Only the lines from the beginning of the entries through the one that holds "Safe cheaper custom" may appear in the answer, written out exactly and free of pictures.

Items listed in a dataset
___

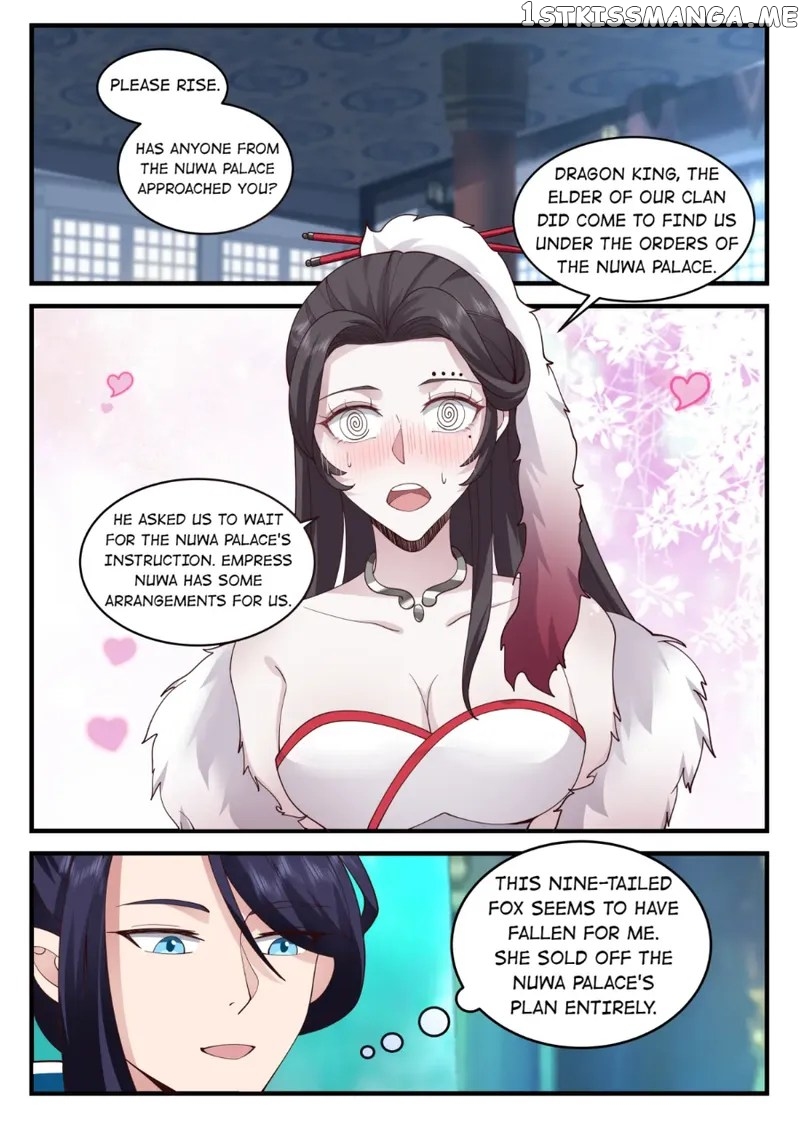 Dragon throne chapter 198 - page 6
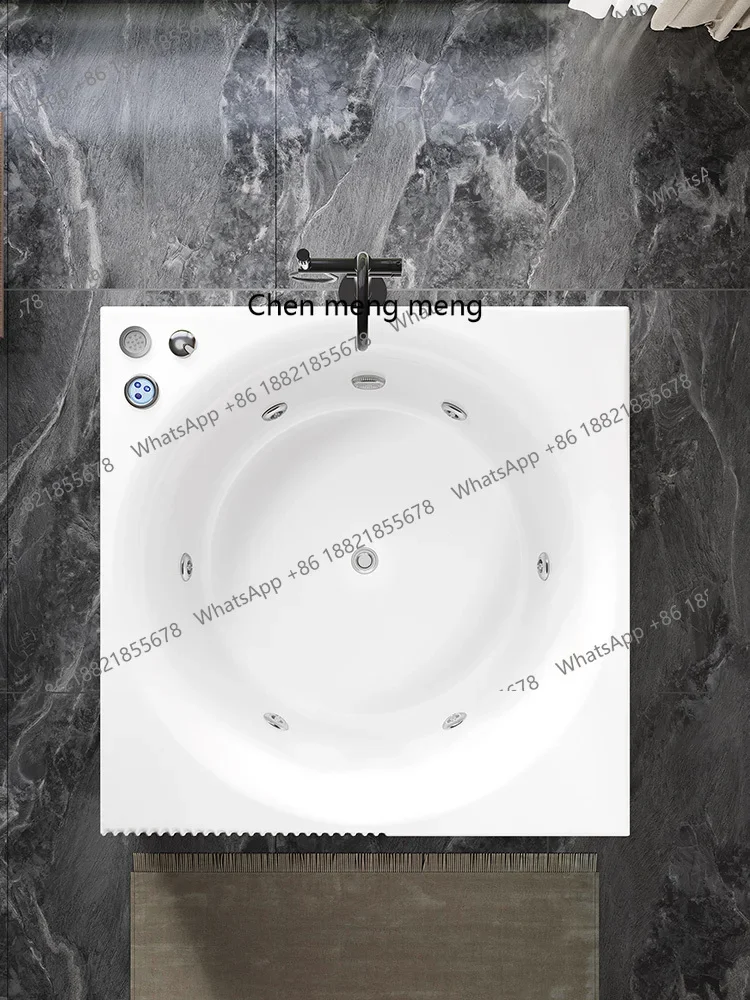 X-badkuip geïntegreerd vormende vrijstaande surfmassage, thuis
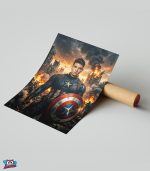 Customized Captain USA  – Turn Yourself Into a Superhero - Image 2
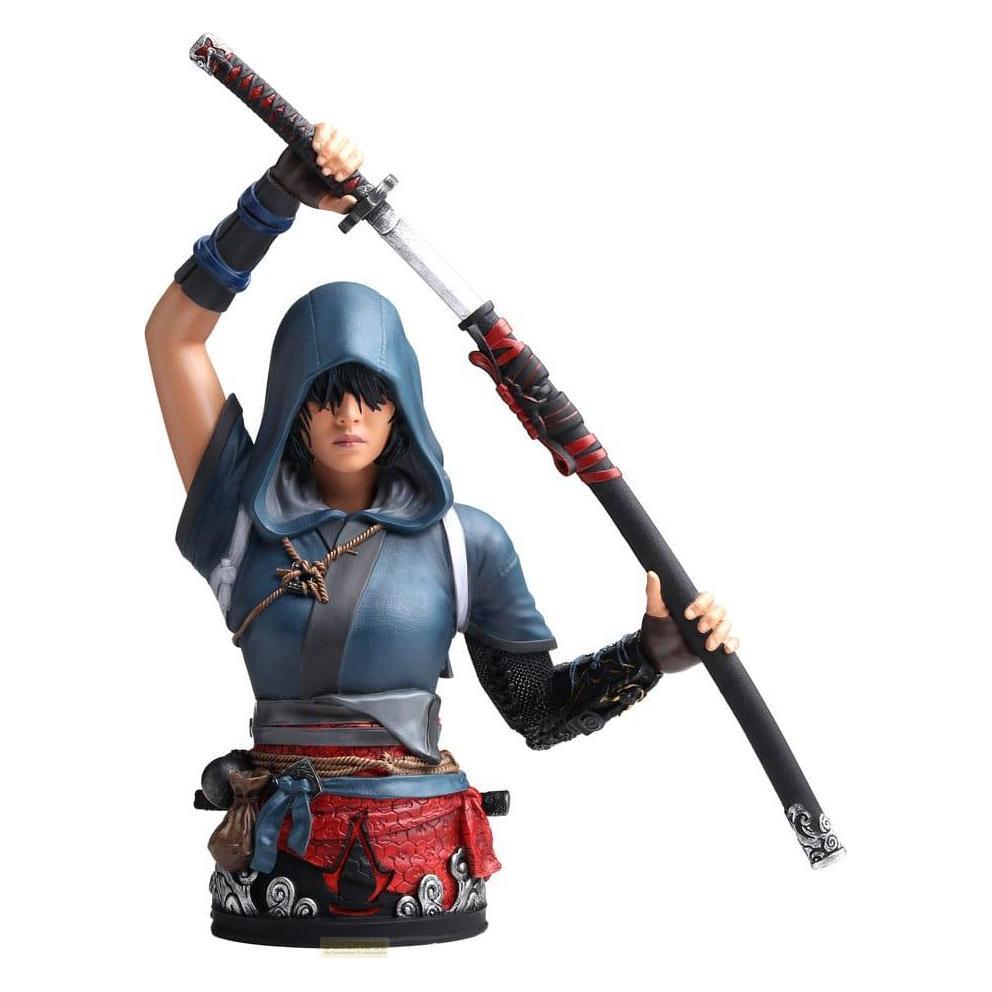 Nemesis Now - Assassin's Creed Shadow - Buste de Naoe 30cm (B6837C24)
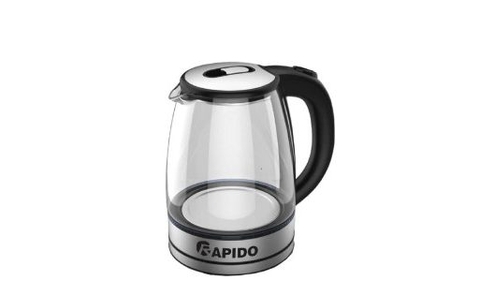 Ấm siêu tốc thủy tinh Rapido RK1818
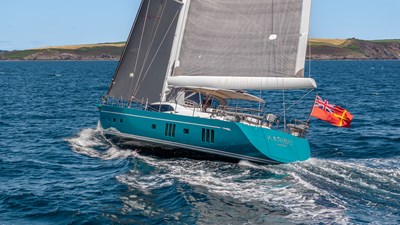 Karibu 2 Karibu 2013 OYSTER 885 Sloop Yacht MLS #446211 2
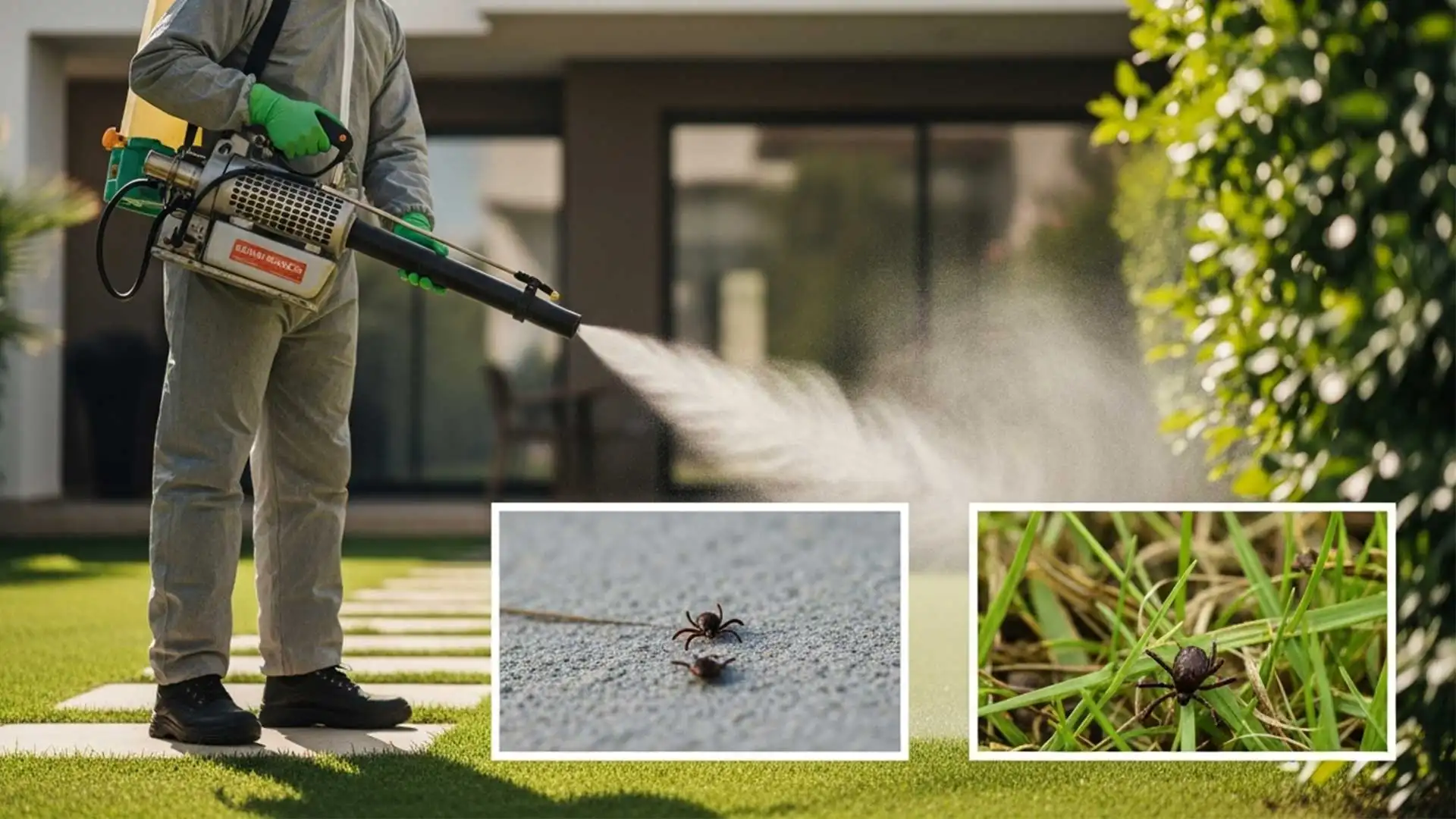 إبادة القراد في القاهرة الجديدة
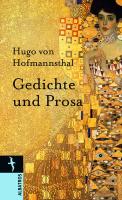 Gedichte und Prosa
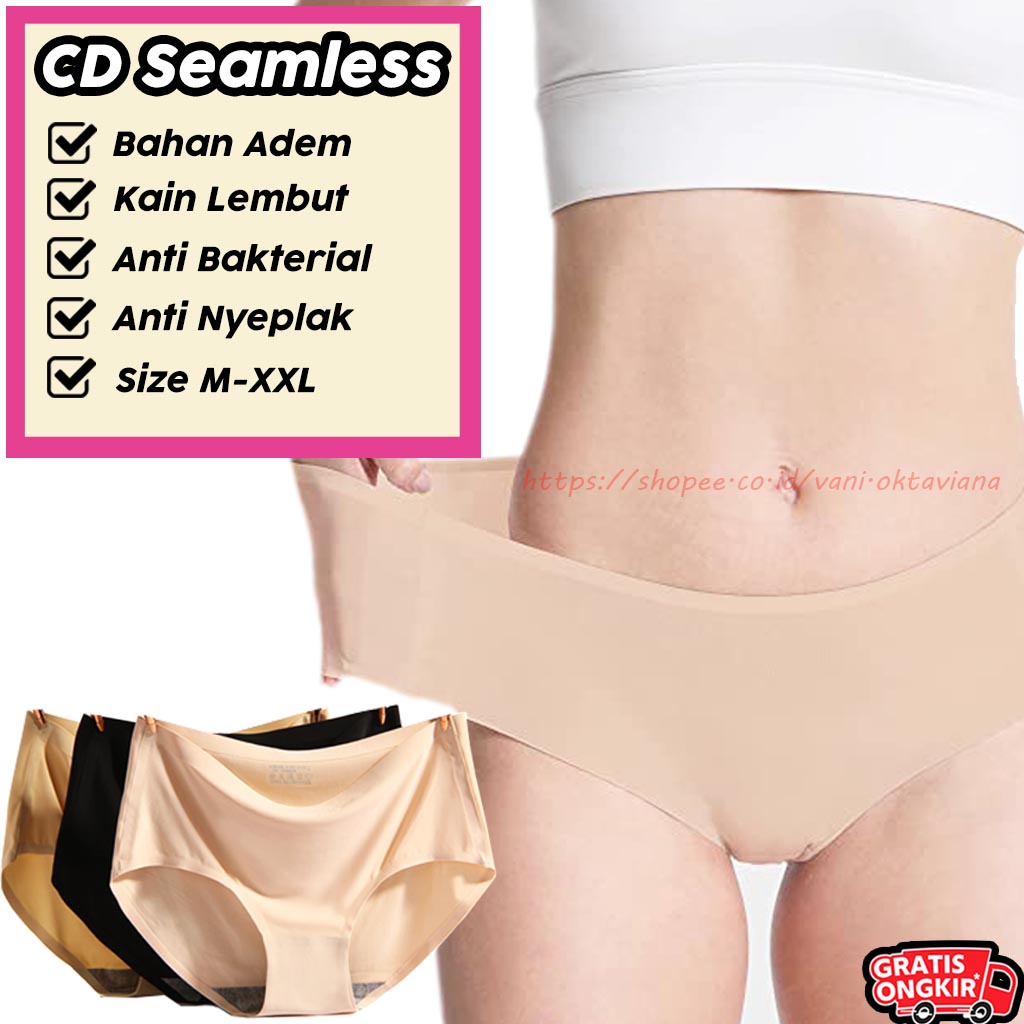 Celana Dalam Wanita Seamless Celana Dalam Seamless Cealana dalam wanita celana dalam wanita sexy underwear wanita  celana dalam wanita jumbo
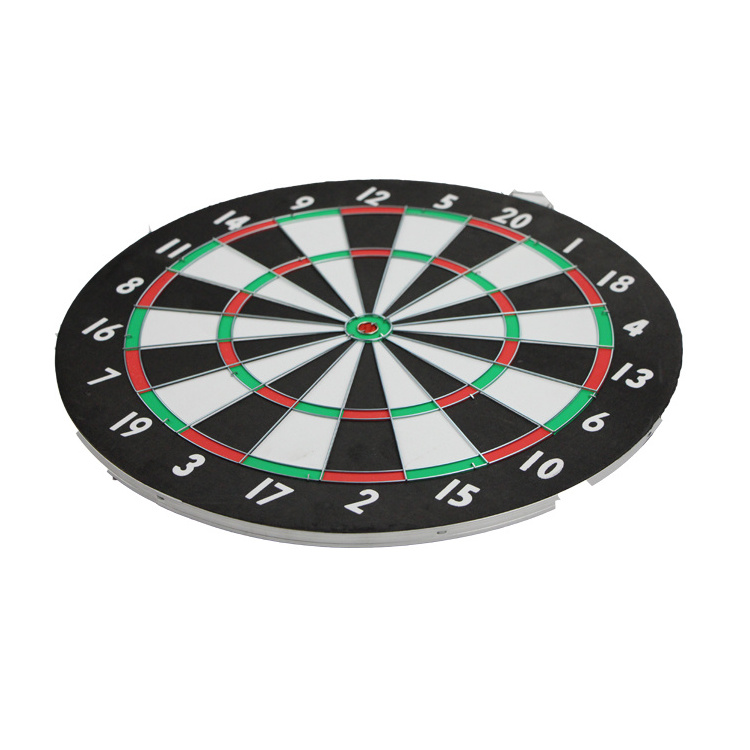 Safe cheaper custom paper dartboard/2019 New Dartboard With 6 Darts Wholesale Dart board Custom Types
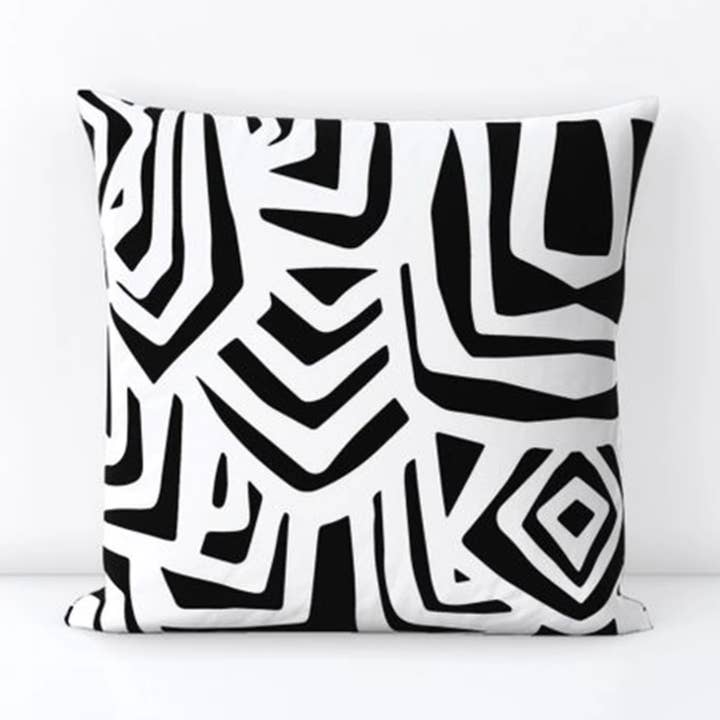 Taie d'oreiller Kobo pour la vente par Rochelle Porter Design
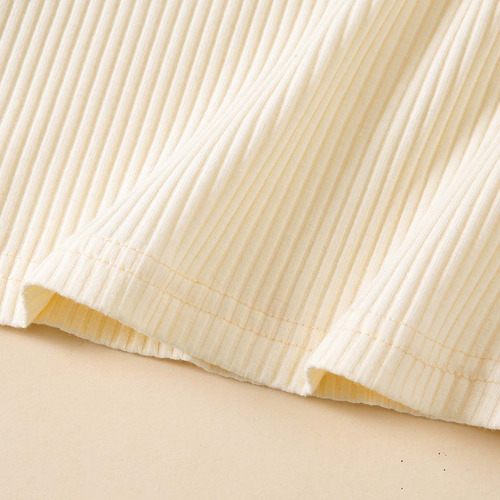 Conjunto De Chaleco Y Vestido Para Niños Pequeños De Verano
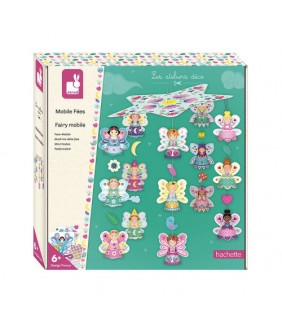 Kit creativo - Móvil de cuna Hadas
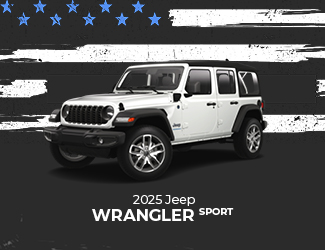 2025 Jeep Wrangler Sport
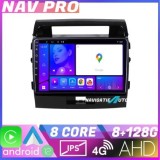 Navigatie Toyota LandCruiser 2008 2015 KIT 381 EDOTEC-LITE Android Ecran 720P Octa Core 8 128 Carplay CarStore Technology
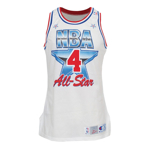 1991 Joe Dumars NBA All-Star Game-Used Eastern Conference Jersey (NBA COA Signed by David Stern)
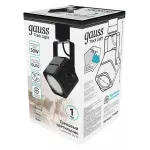 Светильник на штанге Gauss TR TR009 Цвет плафонов черный от ImperiumLoft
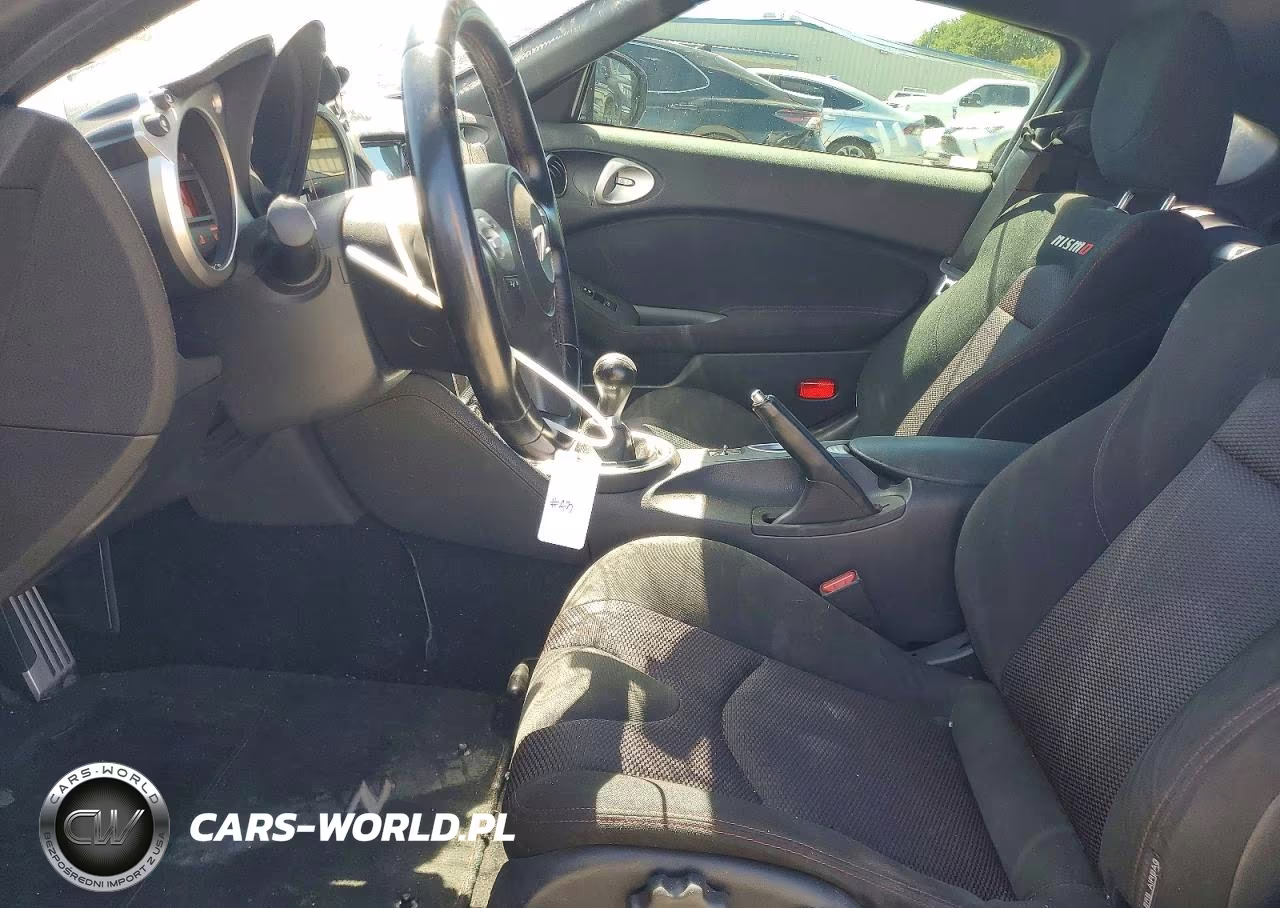 2012 Nissan 370Z Base VIN:JN1AZ4EH8CM560915 - 7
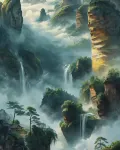 Tianze Garden Villa Hotel - Mountain view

___

* [Reply]
 Dragon throne chapter 198 - page 6
 X-badkuip geïntegreerd vormende vrijstaande surfmassage, thuis
 Customized Captain USA  – Turn Yourself Into a Superhero - Image 2
 Nemesis Now - Assassin's Creed Shadow - Buste de Naoe 30cm (B6837C24)
 Ấm siêu tốc thủy tinh Rapido RK1818
 Karibu 2 Karibu 2013 OYSTER 885 Sloop Yacht MLS #446211 2
 إبادة القراد في القاهرة الجديدة
 Gedichte und Prosa
 Celana Dalam Wanita Seamless Celana Dalam Seamless Cealana dalam wanita celana dalam wanita sexy underwear wanita  celana dalam wanita jumbo
 Safe cheaper custom paper dartboard/2019 New Dartboard With 6 Darts Wholesale Dart board Custom Types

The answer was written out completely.